The cannon was cast in 1586 by order of Tsar Fyodor, the son of Ivan the Terrible. It was supposed to become not so much a real combat weapon as a symbol of the military might of the Russian State.
Indeed, the very appearance of the gun could not fail to command respect: the length of the gun is 5 meters 34 centimeters, the weight, as indicated on the barrel, 2, 400 pounds - almost 40 tons. She could shoot cannonballs weighing up to 1 ton. True, no information has survived that the Tsar Cannon was ever used in the course of hostilities.
However, it was initially assumed that the gun would be used for its intended purpose: Moscow received news that the Crimean Khan was preparing a campaign against the city. The Tsar Cannon was supposed to protect the Spassky Gate and the crossing over the Moskva River.

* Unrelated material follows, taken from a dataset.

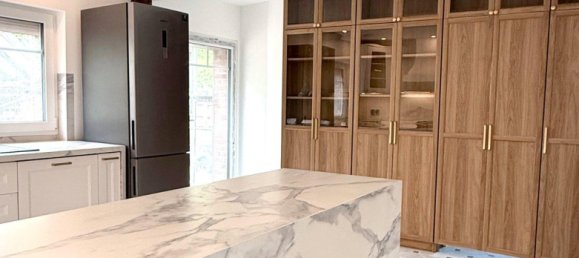 Casa de 3 dormitorios en Ammerland, Germany No. 350128 9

Currently, the Tsar Cannon is located on Ivanovskaya Square, next to the Ivan the Great Bell Tower and the Church of the Twelve Apostles. However, over four and a half centuries, the gun changed its location more than once. Initially, it was installed on the Execution Ground, then it was moved to the courtyard of the Arsenal, in the 19th century to the Armory Chamber. It was only in 1960 that it was moved to its present location - to the northern facade of the Ivan the Great Bell Tower.
There are four cannonballs next to the cannon; they are decorative and made in the 19th century at the St. Petersburg plant of Byrd. It was simply impossible to shoot with nuclei of this diameter and weight. In the fire of 1812, the wooden carriage burned down, a new carriage and cannonballs were brought to Moscow from St. Petersburg in 1835.
Installing a cannon on a new carriage required a lot of effort and skill. It is interesting that the auction was won by the peasant Mikhail Vasiliev, who estimated the work at 1, 400 rubles. The cannon was safely installed in its intended place for 125 years.
In 1980, restorers worked on the Tsar Cannon and came to an interesting conclusion: the weapon simply could not be used for military operations, as it had significant flaws. For example, the inside of the barrel was not even thoroughly cleaned after casting, there were numerous nodules and irregularities.
However, one shot from the Tsar Cannon was fired. This happened after the overthrow of False Dmitry, posing as the son of Ivan IV. In 1606 he was killed and buried near the Serpukhov Gate. It happened in May, but, unexpectedly, severe frosts hit, destroying the crops. Rumors spread that the impostor's witchcraft power was to blame. They dug his graves and burned him. The ashes were mixed with gunpowder, loaded into the Tsar Cannon and fired.